1) It is not surprising that first-ranked China leads Japan by just more than a point, but how they did it is. With a squad comprised mainly of compact tumbler-types, the host team sacrificed its historical edge on pommel horse and ended up winning vault, parallel bars (no shock there) and high bar. China was sixth on pommels, with no score in the 15's. This team is beatable, however, showing plenty of hops and form breaks.
2) Top-ranked Kohei Uchimura had a pretty good day, even by his standards. With scores ranging from 15.166 on pommels to 15.800 on floor, he was the only all-arounder to exceed 15.00 on every apparatus.
3) Speaking of the all-around, pre-meet predictions figured British champion Max Whitlock could make some noise. But a rough outing left him third man on a deep team, behind Daniel Purvis and 2014 European junior champ Nile Wilson. Whitlock probably has the highest scoring potential among the three, but Wilson, in particular, looks like he could be a factor in Rio. He already works with a mature style and tight body. Reminds me a little of a young Ivan Ivankov.

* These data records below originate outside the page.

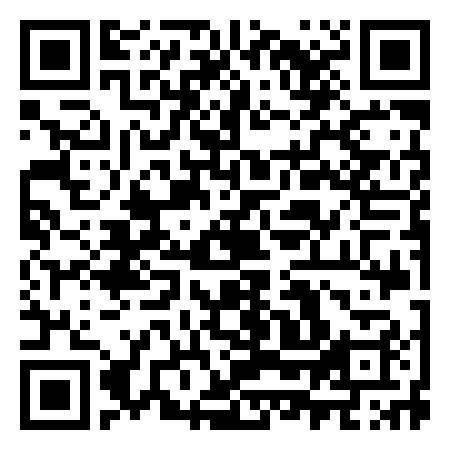 QR Code de Eglise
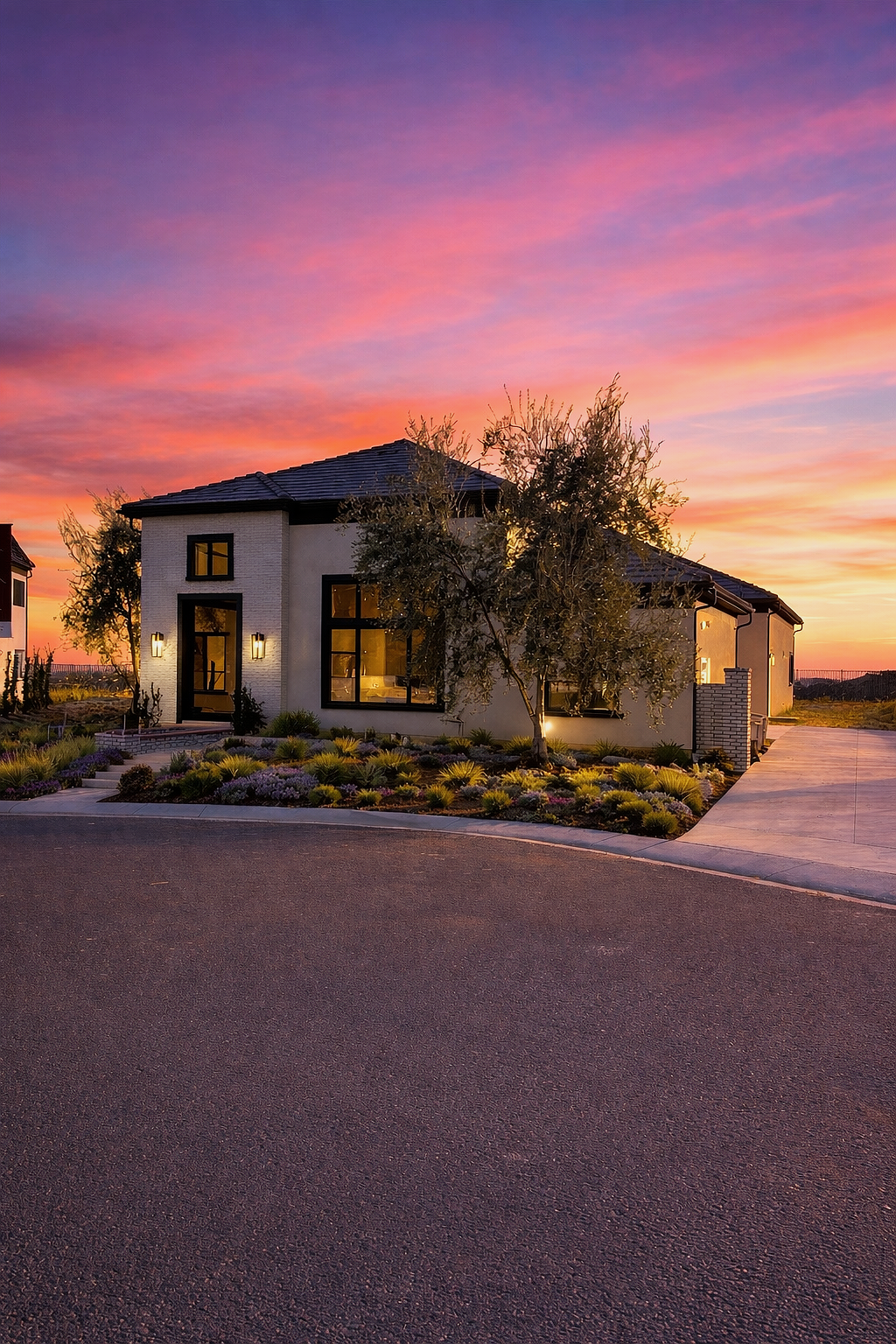 28912 Auburn | Silverado | $4,150,000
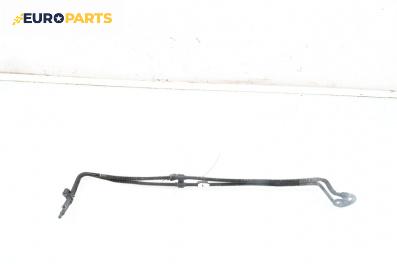 Маслена тръба за Audi A6 Avant C6 (03.2005 - 08.2011) 3.0 TDI quattro, 233 к.с.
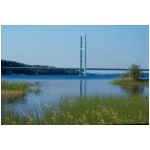 heinola_ts_12b.jpg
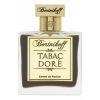 Tabac Dore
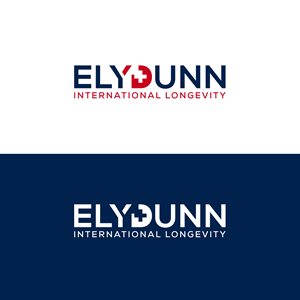 Logo Design by M Art & Design for this project | Design: #37577629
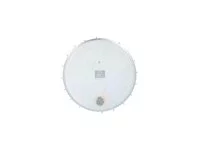 Luftfederbalg DT Spare Parts 9613206021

4) The addition of Donnell Whittenburg improved the U.S. men's chances immensely. He qualified fourth for the all-around and also threw a Ri Se Gwang vault for his second attempt. It's higher than Ri's, but he's not consistent enough in landing it. Vitaly Marinich must be having a blast coaching this kid at the U.S. Olympic Training Center.

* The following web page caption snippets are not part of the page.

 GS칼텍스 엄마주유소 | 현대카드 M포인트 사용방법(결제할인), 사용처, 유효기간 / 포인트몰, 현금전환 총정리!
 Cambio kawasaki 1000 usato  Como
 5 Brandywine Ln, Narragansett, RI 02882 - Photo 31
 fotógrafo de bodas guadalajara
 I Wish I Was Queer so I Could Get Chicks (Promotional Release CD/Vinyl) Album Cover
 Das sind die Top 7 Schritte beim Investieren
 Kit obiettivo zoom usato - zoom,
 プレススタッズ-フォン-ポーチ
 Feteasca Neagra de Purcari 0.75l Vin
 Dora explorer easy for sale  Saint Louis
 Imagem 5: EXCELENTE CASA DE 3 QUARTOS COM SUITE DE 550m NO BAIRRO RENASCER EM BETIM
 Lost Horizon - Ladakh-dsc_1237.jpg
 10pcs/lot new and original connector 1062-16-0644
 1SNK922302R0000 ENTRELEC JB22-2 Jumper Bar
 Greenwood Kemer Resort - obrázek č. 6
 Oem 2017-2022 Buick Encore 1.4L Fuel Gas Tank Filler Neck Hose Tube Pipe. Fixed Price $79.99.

5) Sam Mikulak went three for six in prelims, which is better than going three for six in the all-around final. I wrote him off after day one of the P&G Championships in Pittsburgh, and he stormed back to win the meet, which proves that he's still a factor and that I have a lot to learn. Glad to see him vault his Kasamatsu-double twist again, but he doesn't look comfortable with his new p-bar routine. His Takemoto on high bar also continues to be an issue.
6) Fifth-ranked Russia is bit top heavy in talent, with veteran all-arounders David Belyavsky and Nikolai Kuksenkov, along with super specialist Denis Ablyazin. Look for this team to benefit from the 3-up-3-count Team Finals format, however. But only if it can survive pommels.

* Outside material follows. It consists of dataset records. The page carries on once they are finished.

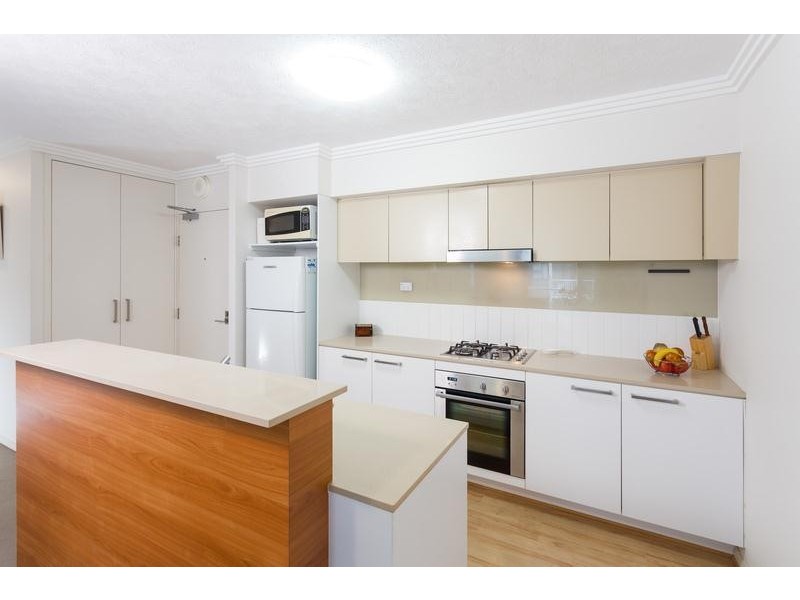 327/803 Stanley Street, Woolloongabba QLD 4102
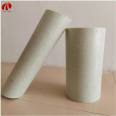 HBWFRP extruded braided pipe power protective sleeve, fiberglass composite plastic steel pipe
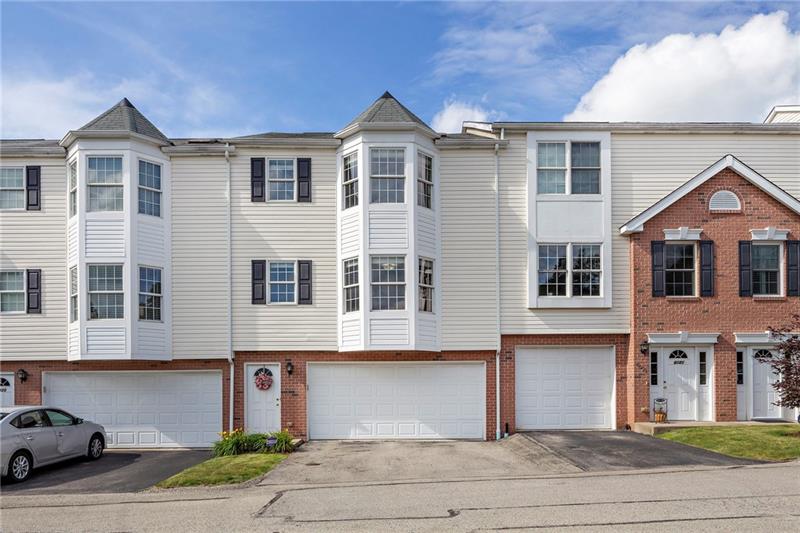 6923 Spring Valley Lane Export, PA 15632 - Photo 1 of 25
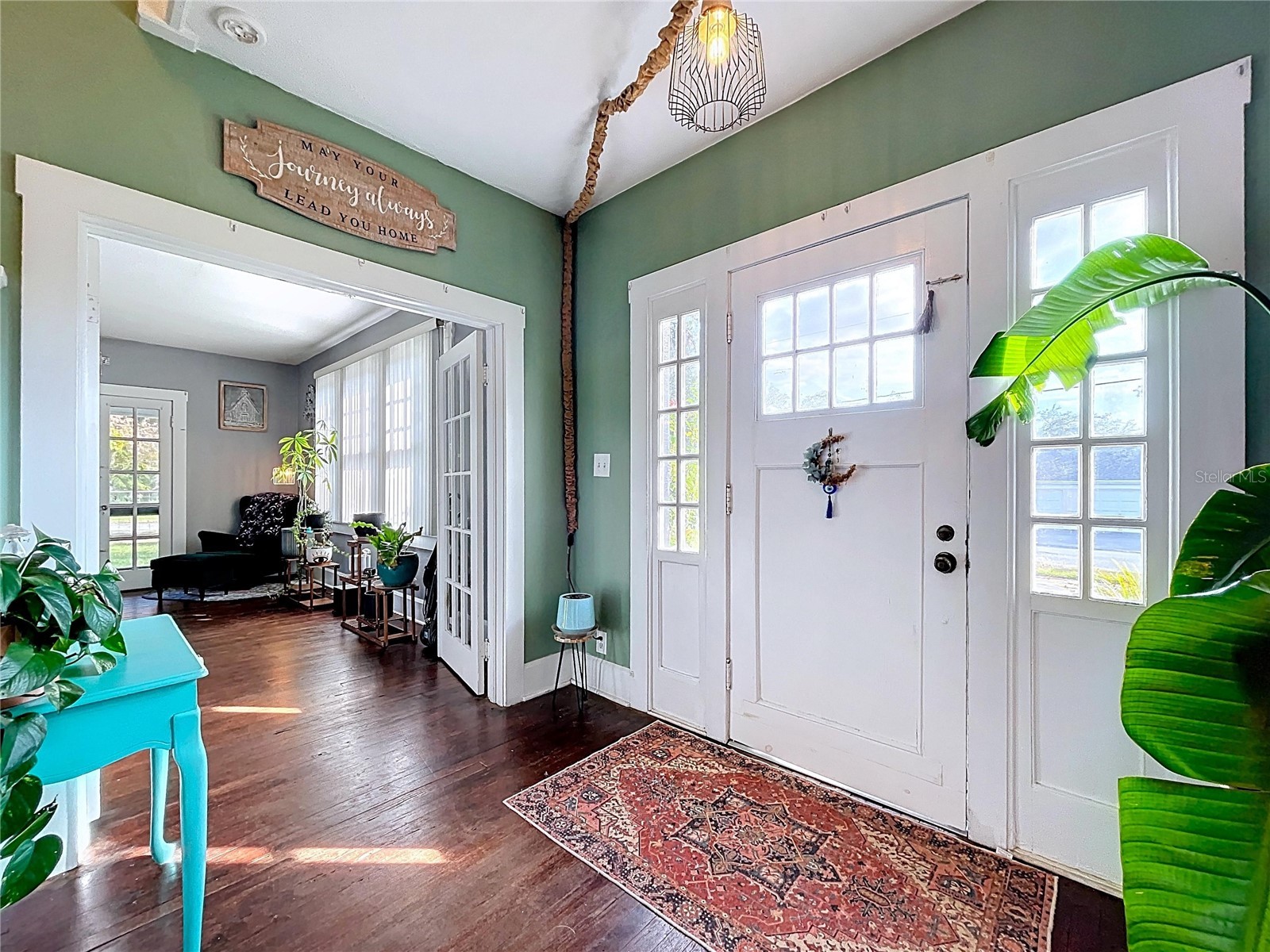 37823 Coleman Avenue Dade City FL 33525 TB8454489 image13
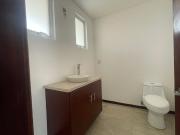 Casa en renta en Fuentes de San Jose Toluca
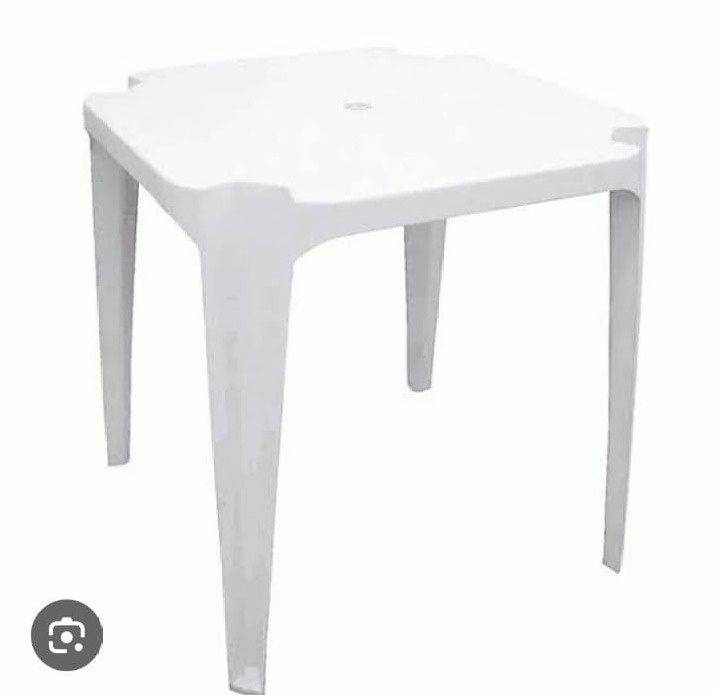 Mesa Avulsa - ADAELSON LOCAÇÕES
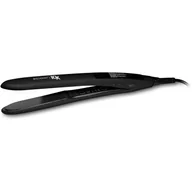 Prostownice i karbownice do włosów - Bio Ionic 10X Pro Styler profesjonalna prostownica do włosów Black 1 szt. - miniaturka - grafika 1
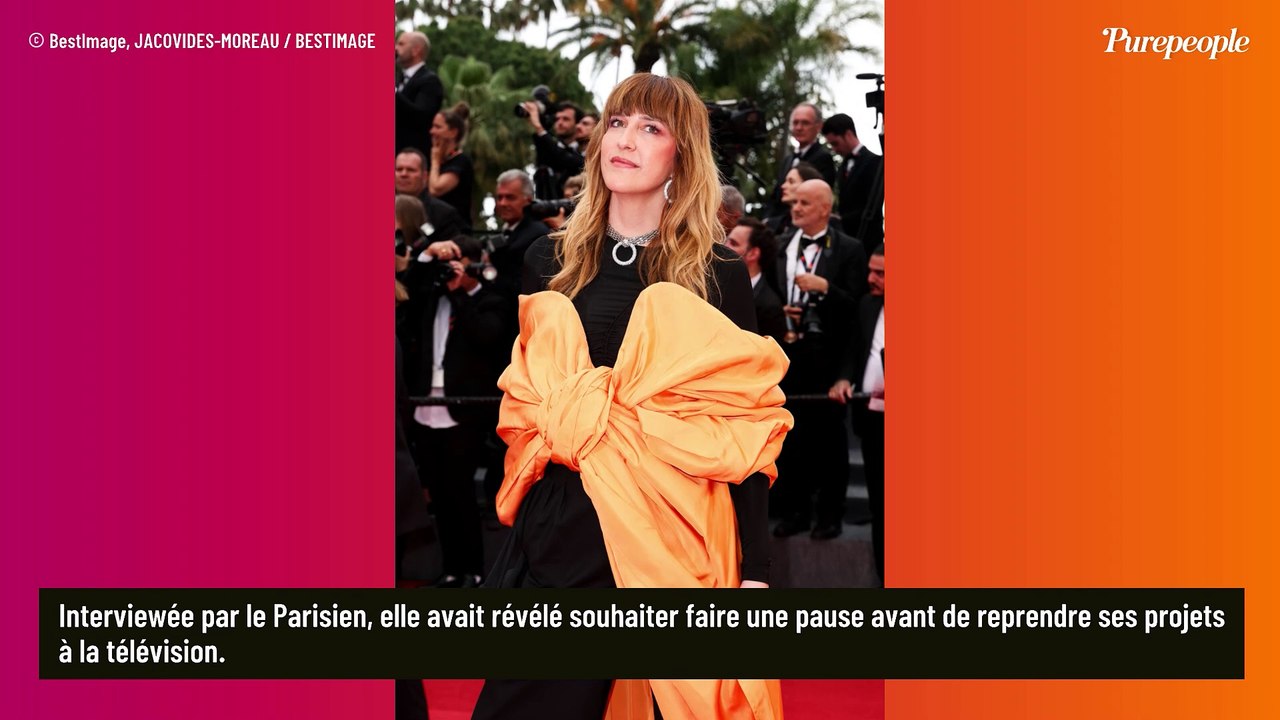 Daphné Bürki en manque de ses deux filles Suzanne et Hedda en pleine période JO, elle partage une jolie photo à 3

7) Good to see the creative David Belyavsky hit well for an impressive 90.748, the second-best total behind Kohei Uchimura's 92.165. Uchimura, who is going for his fifth straight world title, has to know he can't fall more than once and win.
8) Also good to see Colombia's Jossimar Calvo get into the all-around final, even if it's in the 21st slot. His prelim ranking was only 27, but he's got potential, as does fellow South American Sergio Sasaki (Brazil).
9) With all the turmoil in Ukraine since the Sochi Olympics, combined with the departure of Oleg Stepko to Azerbaijan, the men's team just missed the Team Final. Switzerland grabbed the eighth and final berth, which is not a surprise at all. The Swiss have been on that bubble for several years.
10) The Nanning Worlds qualified the top 24 teams to the 2015 Glasgow Worlds, which means 24th-ranked Chinese Taipei's hopes are still alive. Turkey finished 25th, which, of course, is better than last-place Croatia (48th).